Mom came by this occupation honestly enough. My Grandmother,her Mom, did this as well. Grandmas operation was larger and more labor intensive. She still used wash tubs,scrubbing boards and those old cast iron,irons that you heated on the stove. Mom had automatic washers and an electric iron. The clothes were still hung out to dry though.
I can remember helping her fold the sheets. There was a pattern to be followed ,exactly, to accomplish this task. I'm certain my sister and I could still perform that ritual without barely a thought. I recall bringing the clothes in. That meant taking them off the clothesline. I wonder how many people today would know what bringing the clothes in refered too ? We did that chore summer and winter. Hands freezing in the winter and the clothes stiff as boards.
I was pretty young at the time so my helping was limited. I do recall going with her to deliver the laundry and pick up the next batch. There was one home in particular I remember well. It was a large brownstone house. The house was owned by Proctor and Gamble. The people living there were named Devendorf. I won't swear to the spelling of that name but that is how it sounded. Mr. Devendorf was associated with the famed Cunard steamship lines, although I don't know in what capacity. I can't say as I ever met him or Mrs. Devendorf for that matter. We kids stayed in the car when Mom took the laundry back. Sometimes the maid would bring us cookies. She would act like she was sneaking them out to us. Mom told us Mrs. Devendorf knew all about it and thought it funny. She would have given us the whole box of cookies. That never happened though.

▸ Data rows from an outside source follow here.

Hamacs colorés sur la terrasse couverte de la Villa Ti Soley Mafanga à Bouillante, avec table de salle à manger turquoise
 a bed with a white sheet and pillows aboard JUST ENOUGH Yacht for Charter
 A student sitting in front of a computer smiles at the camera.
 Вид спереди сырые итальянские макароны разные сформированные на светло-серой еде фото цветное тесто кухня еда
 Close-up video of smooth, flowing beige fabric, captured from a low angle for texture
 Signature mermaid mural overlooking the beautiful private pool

There were two or three other homes similar to this. I don't think we went to any of the others. These houses are quite large and stand out prominently. I have been led to understand that these places are still there. Who lives there or the ownership is a complete mystery to me. They are located in Montauk,New York. Not too far from the Yacht club. The Devon Yacht club in fact. I used to think it was named that because of the Devendorfs. They were obviously very wealthy and probably owned that club too ! That is not the case however. Devon is a place in England. Some of the original settlers in the area came from there. The explanation is easy. A small coincidence.
When I was a kid I thought it must be great to have another do your laundry. Still do. Yeah my wife does the wash but sometimes I have to help. I still want someone to come pick up the dirty wash and deliver it back all clean and folded. Now that's rich folks ! And you know, I don't remember them Devendorfs ever having a hole in their socks.